Once again cellist Robert Howard will open up his house for series of four presentations in an intimate setting that he calls Concerts By The Square. The basic idea is to provide “a more intimate, digestible form” (Howard’s words) to fostering an interest in chamber music. That begins with the proximity of a house concert, reinforced with food and wine through which members of the audience have a chance to get to know the musicians as well as the music. In addition each piece that is performed is preceded by a short discussion, the goal being to set a context for the music without burdening the listener with “too much information.” All performances take place on Sunday afternoons beginning at 5:30 p.m. (a time that used to be favored by Vladimir Horowitz, who thought audiences were particularly alert in the hour or so prior to dinner).

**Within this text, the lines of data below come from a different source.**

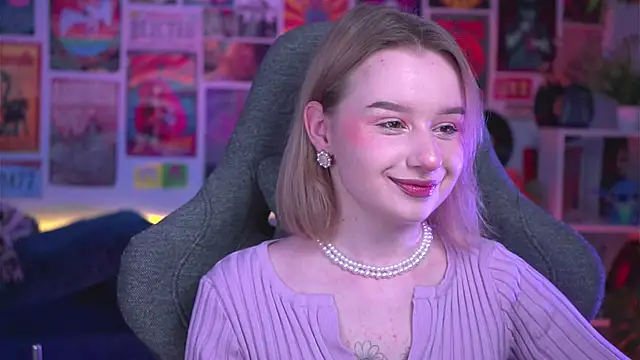 AdeleLoomis online show from December 18, 2024, 5:21 pm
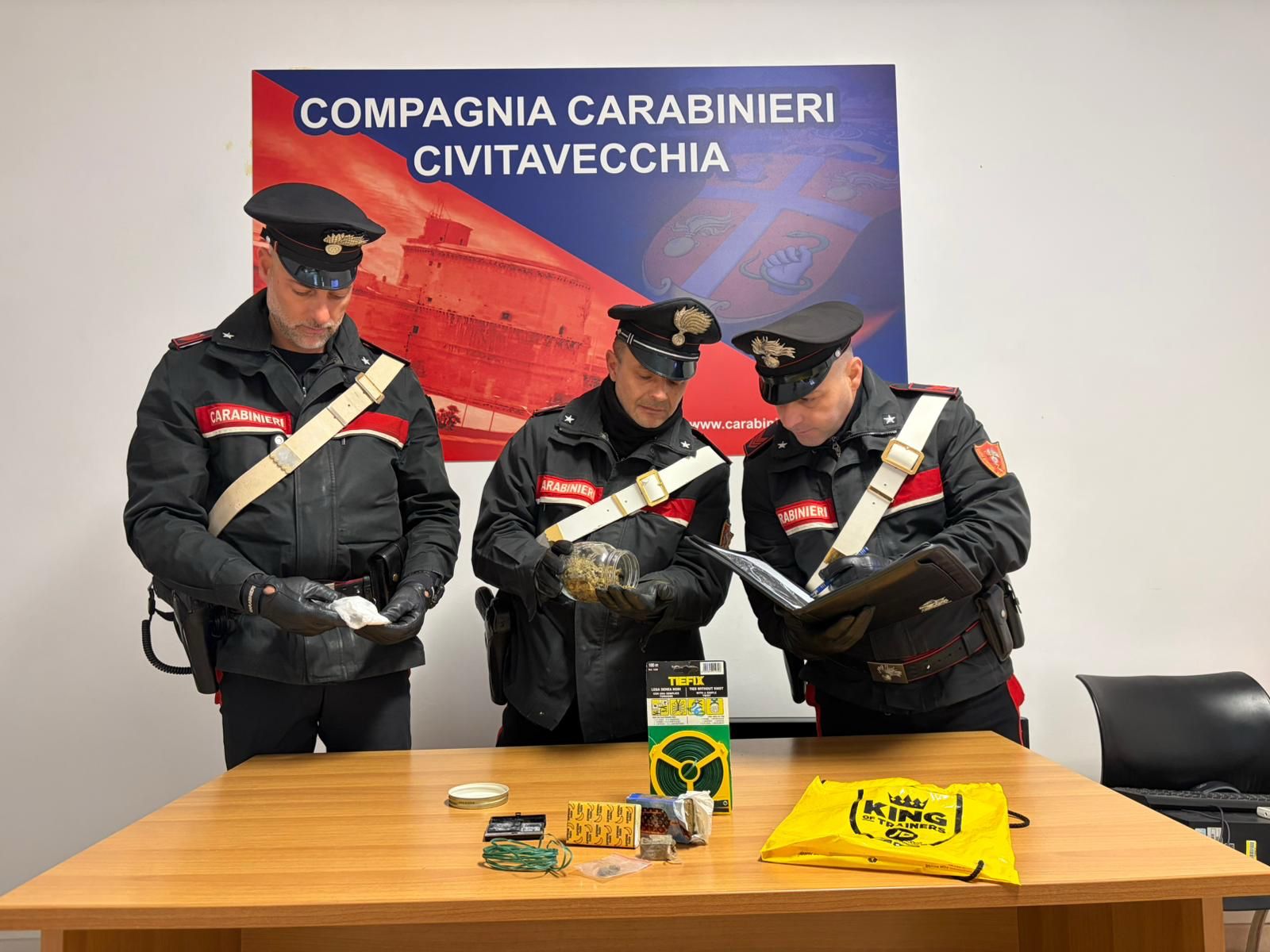 Tolfa – 38enne arrestato dai carabinieri: in casa oltre 300 grammi di droga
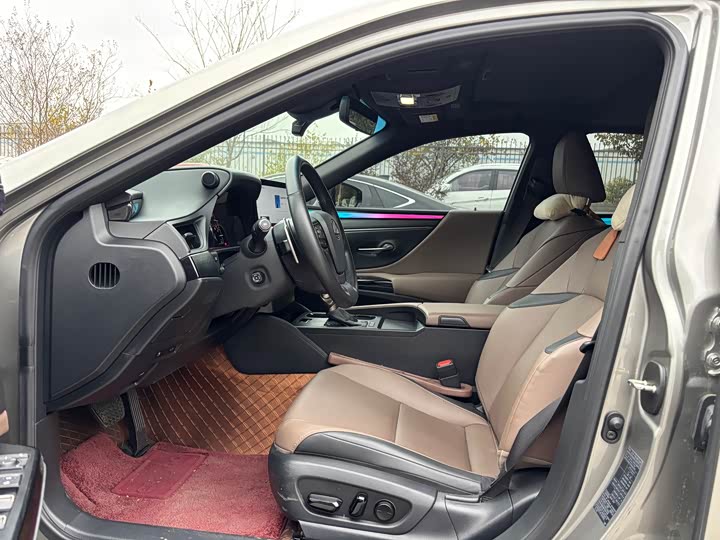 Фото 4 - Lexus ES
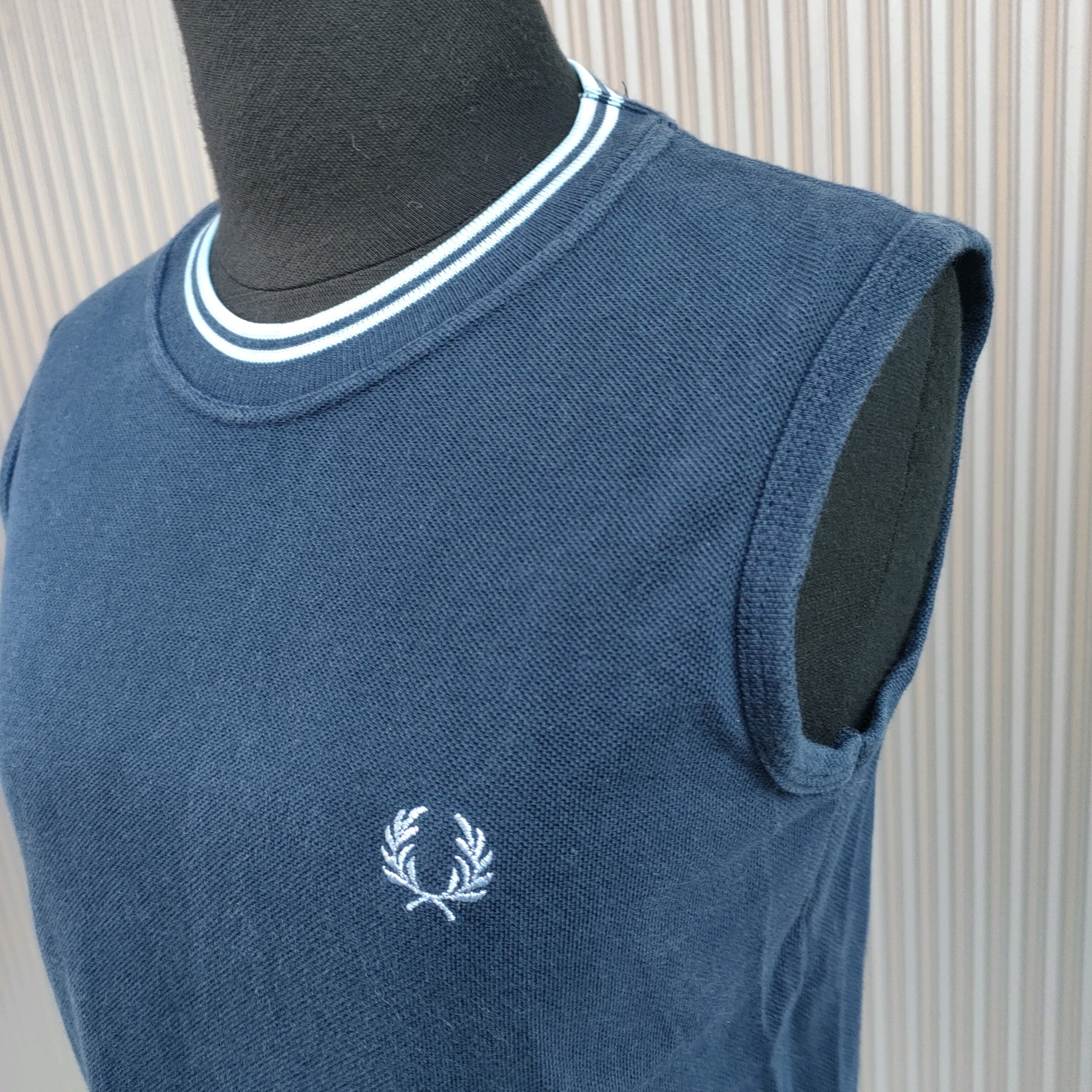 フレッドペリー テーラードジャケット型 薄手カーディガン L 襟切り替え刺繍ロゴ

The four concerts of the 2016/17 will be distinguished by diversity of repertoire. Howard himself will perform in each of the programs. However, the variety of fellow performers will make for an impressive assortment of offerings. Specific dates and concert themes are as follows:
October 30: Sfizi Italiani will be a program of sonatas for two cellos. Howard will be joined by his Philharmonia Baroque colleague Phoebe Carrai, who serves a faculty baroque cellist at both the Juilliard School and Harvard University. The discussion will address the evolution of the cello from the Baroque period to the present day. The music to be performed will address the transition from the Baroque to the Classical and will include duo sonatas by Giacobbe Cervetto, Alessandro Scarlatti, and Luigi Boccherini.
January 22: Pushkin’s Legacy will examine Romantic traditions in Russia that originated with the literature of Alexander Pushkin and thrived in the music of Pyotr Ilyich Tchaikovsky, only to be confronted early in the twentieth century by the harsh realities of the Russian Revolution. The music will focus on a composer sometimes called the last pillar of the Russian Romantic tradition, Sergei Rachmaninoff. Howard will be accompanied by pianist Jeff LaDeur for a performance of Rachmaninoff’s cello sonata, a massive composition that, at least in Rachmaninoff’s opinion, treated both cello and piano as equal partners.
February 12: For this program Howard will be joined by Owen Dalby, violinist in the St. Lawrence String Quartet, and Meena Bhasin, violist in the Decoda Ensemble. The title of the program will be Jean Cocteau’s Paris, and the focus will be on music composed there in the two decades between 1920 and 1940. The composers to be represented on the program will be Maurice Ravel and Jean Françaix.
March 26: Howard will be joined by pipa virtuoso Shenshen Zhang for a survey of the Chinese musical heritage. The program will combine traditional selections with the efforts of the more recent composers Lou Harrison and Bright Sheng. Sheng’s opera Dream of the Red Chamber was just given its world premiere by the San Francisco Opera, and the title of this final program will be The Red Chamber.
Because seating is very limited, reservations must be made prior to the performance date. All reservations require a donation, which is tax-deductible as allowed by law. (Concerts by the Square is a registered 501(c)(3) nonprofit organization.) A single Reservation Web page has been created with hyperlinks for $60 donations for each of the four concerts and a $200 donation for a subscription to the entire series. The venue is a Victorian flat near Alamo Square (hence the title of the series), which is 42 stairs above street level. Unfortunately, no elevator is available. Specific details regarding the address of the venue are provided once a reservation has been confirmed.